Crypto Academy / S5W3- Homework Post for @reminiscence01"

in hive-108451 •  3 years ago  (edited)

reminiscence01 week 3.png

Hey guys,

I welcome you'll to the 2nd week of the SteemitCryptoAcademy course by Professor @reminiscence01. In this course, I will run a comprehensive review of Trends Part 2.

All images used in this post unless otherwise stated are not mine and were extracted from [MT5](www.metatrader
5.com) and Tradingview for the purpose of this assignment.

Untitled-902.gif

Question One

Explain your Understanding of Trend Reversal

Trend Reversal

Having an in-depth knowledge of when to go long or short in a trending market will always go a long way in ensuring we don’t lose money as traders as well as entry-level that set up due to price action.

Trends in a simple term mean a period in which the market moves in a particular direction for a long extent of time. This however does not mean that trends will always last for long.

This is so since the market is bound to see bearish, bullish, and consolidating moves forming all as a result of active buyers and sellers trying to push the market into an uptrend or a downtrend.

However, this major push most times does always cause a major change, significantly affecting the overall movement of the market thereby leading to a trend reversal.

Understanding reversals and all that it comprises will always give you an understanding of trend movements and therefore aid in ensuring you leave the market as at when due.

An example of a trend reversal from a downtrend to an uptrend can be seen in the chart below.

image.png

We tend to see price action in the bearish move forming more successive lower highs (LH) and lower lows (LL). By this, we expect the market to continue in the trend in a bid to ascertain its downward move.

However, on getting to a certain point in the market, there was a major pullback which turned the price around and then continued with a bullish move which now form more subsequent higher highs (HH) and higher lows (HL).

Trend reversal cannot be significantly defined or determined unless traders watch out for certain signals or patterns.
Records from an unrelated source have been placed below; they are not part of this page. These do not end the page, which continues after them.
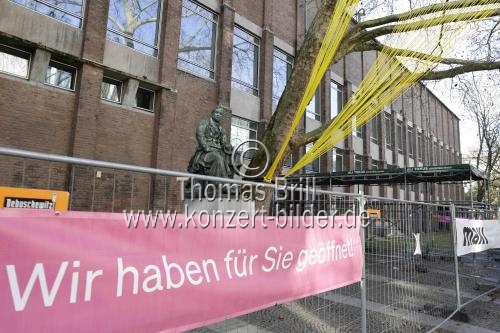 Die Ausstellung „Textile Baumskulpturen – Urbane Zeichen“ des Künstlerpaars Barbara Esser und Wolfgang Horn gastiert vom 26. Februar bis Oktober 2026 im Museum für Angewante Kunst in Köln (&copy; Thomas Brill)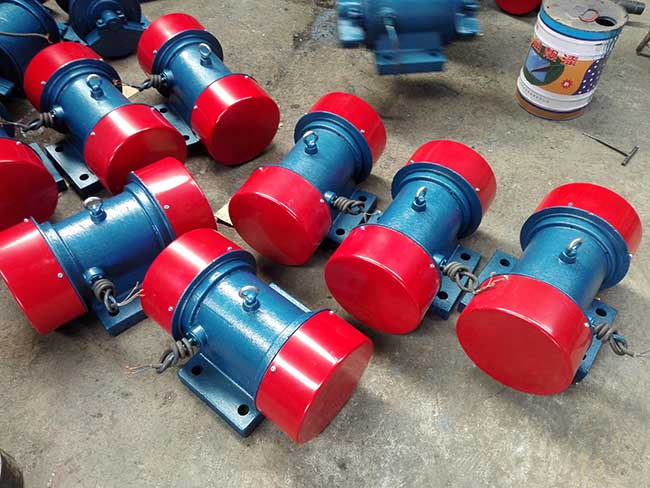 振動(dòng)篩電機(jī)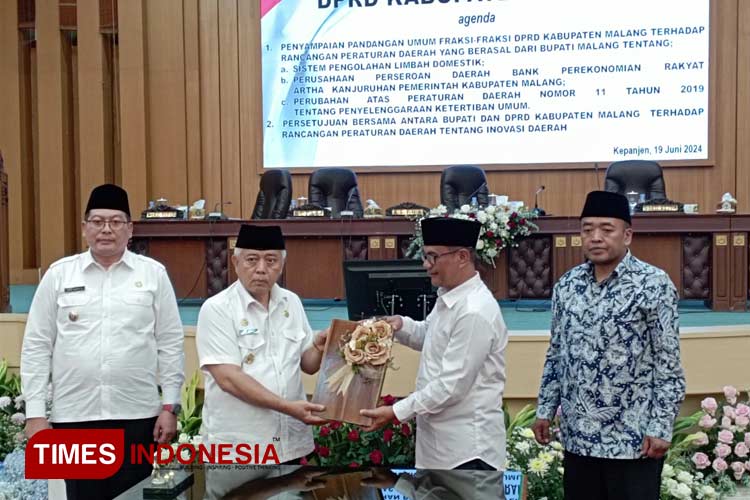 Penyerahan dokumen naskah Raperda Inovasi Daerah usai mendapatkan persetujuan bersama oleh Bupati Malang, HM Sanusi kepada Ketua DPRD Kabupaten Malang Darmadi, di gedung dewan, Rabu (19/6/2024) sore. (Foto Amin/TIMES Indonesia)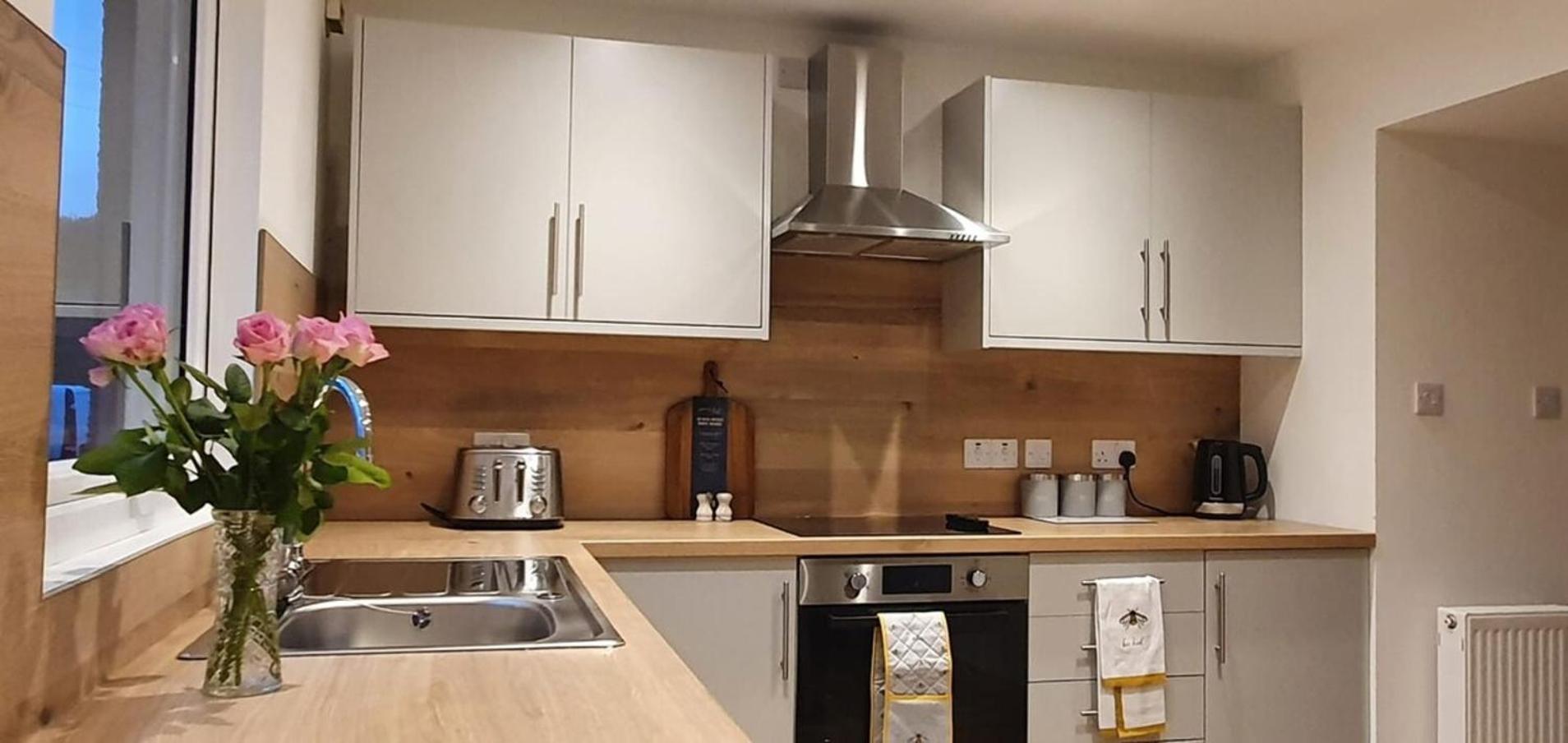 Mike'S 3-Bedroom Countryside Cottage Alness Exterior foto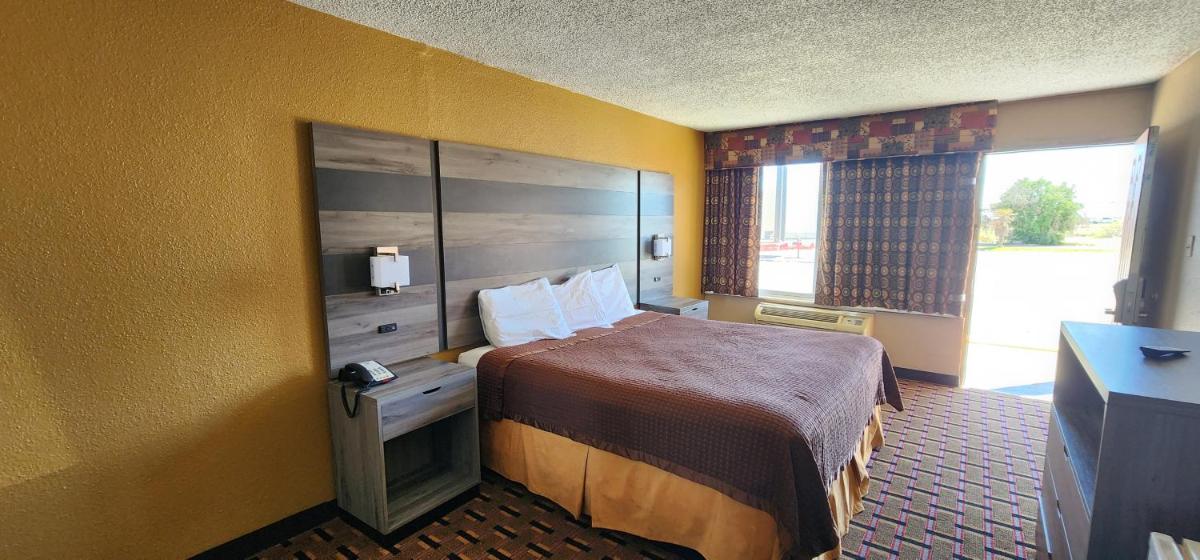 Super 7 Inn - image 5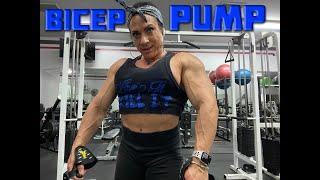 Female Bodybuilder Ripped Vixen Biceps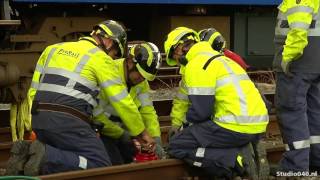 Trein ontspoort op rangeerterrein Fuutlaan [upl. by Joiner]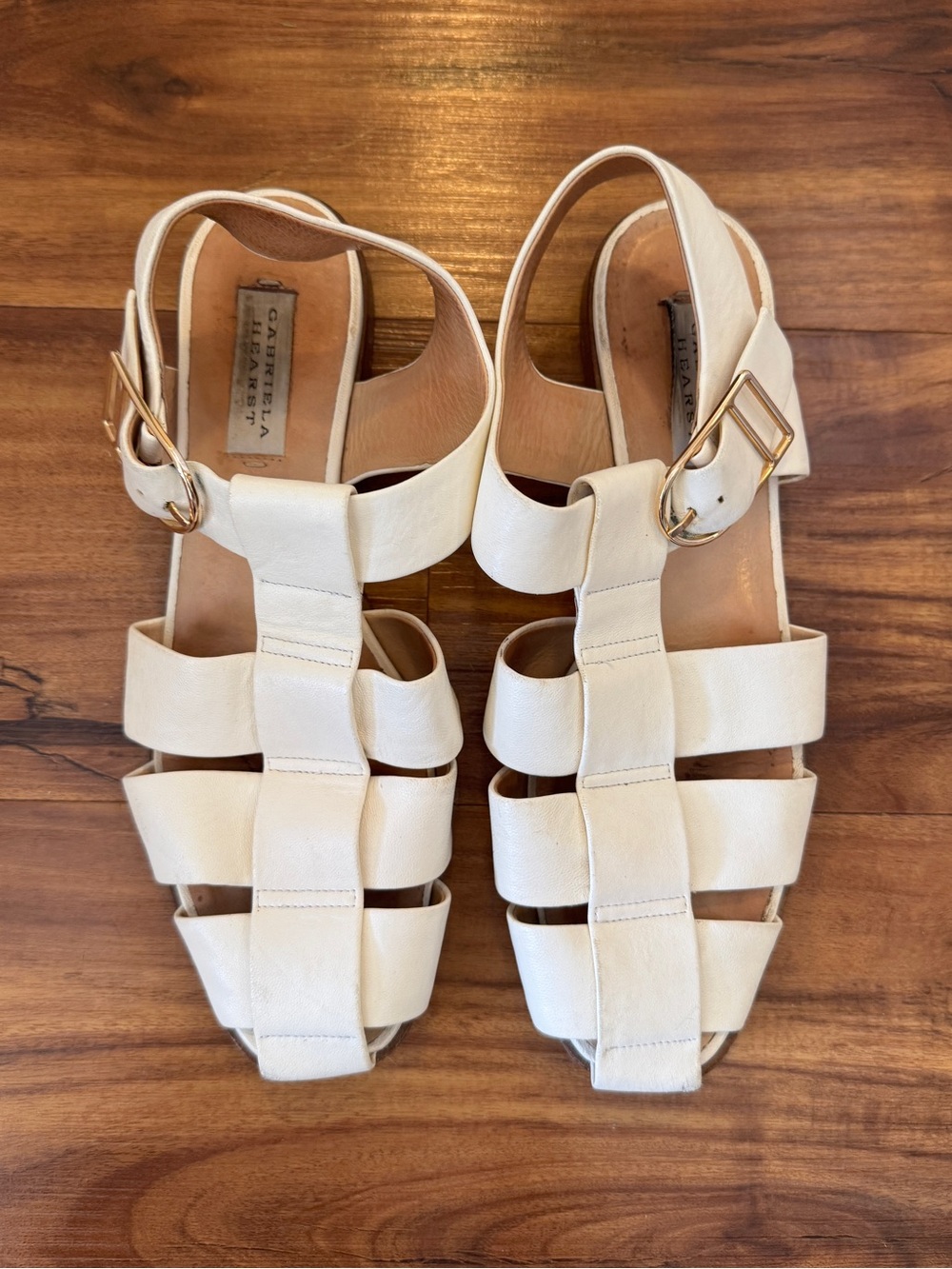 Gabriela Hearst Cream Leather Strappy Fisherman Sandals with Gold Buckle 38 Fall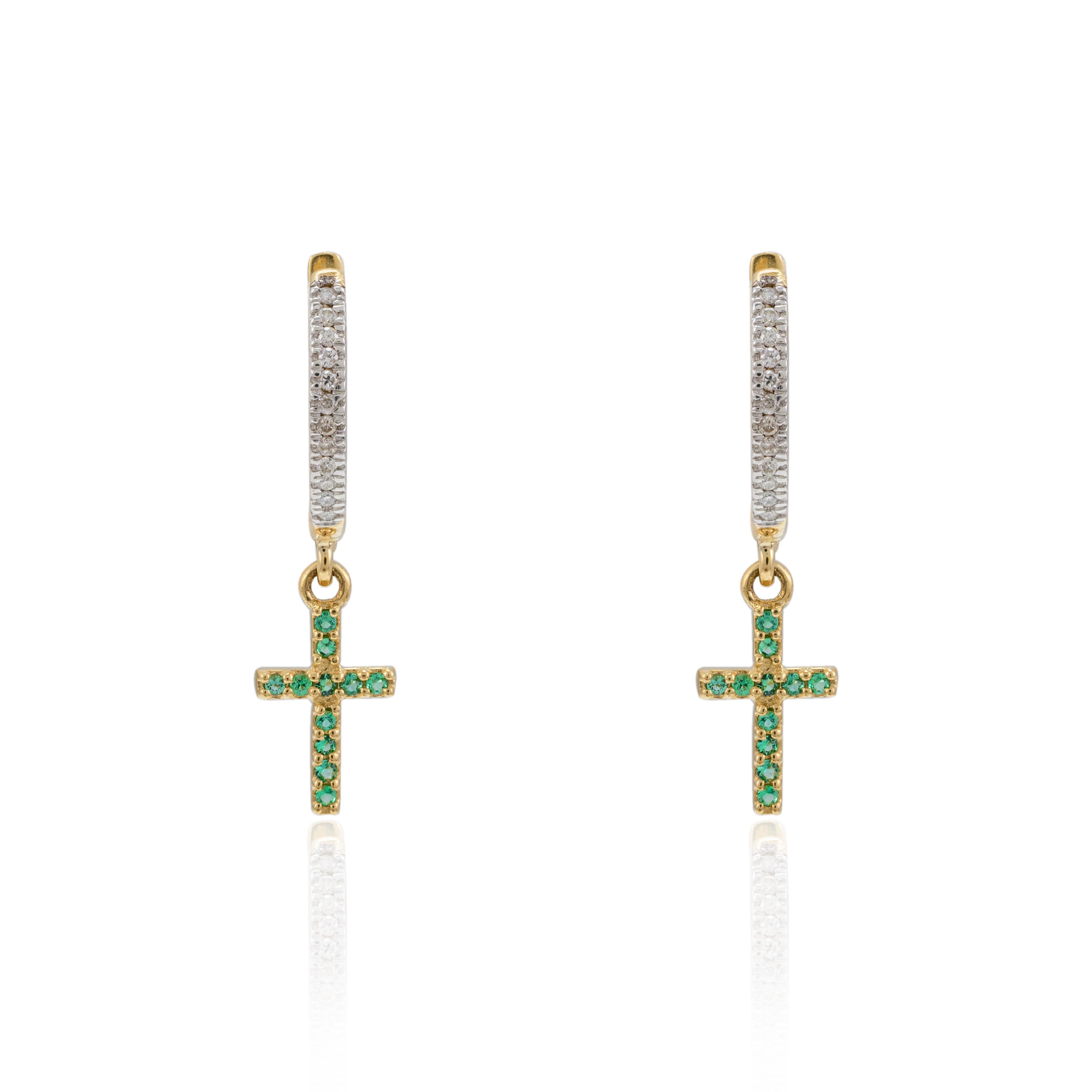 Natural Emerald Cross Dangle Charm Hoops 18k Yellow Gold Unisex Gifts In New Condition For Sale In New York, NY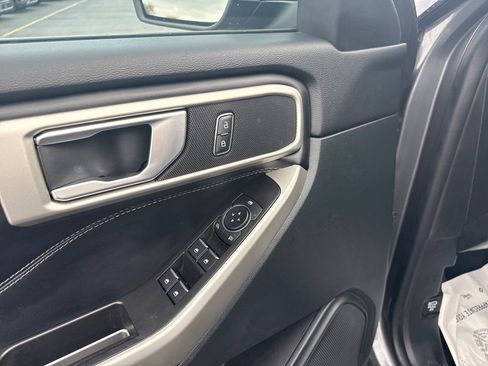 Used 2023 Ford Explorer XLT w/ Equipment Group 202A image 30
This nonetheless means as a price action trader, you will be doing an extra layer of work in ensuring that you are well familiar with different reversal patterns that do form on your chart.

  • Price Action Reversal Patterns

Reversal patterns are quite efficient in indicating or giving out early clues whenever a movement either bullish or bearish is coming to an end.

Normally, trading reversals can be easily read through the market structure. Take a bearish trend for example in the chart placed below.

image.png

It can be seen that the market was unable to create a new lower high and then resulted in power being transferred from the sellers to the buyers. This created a break in market structure which before the pullback had more successive lower highs and lower lows.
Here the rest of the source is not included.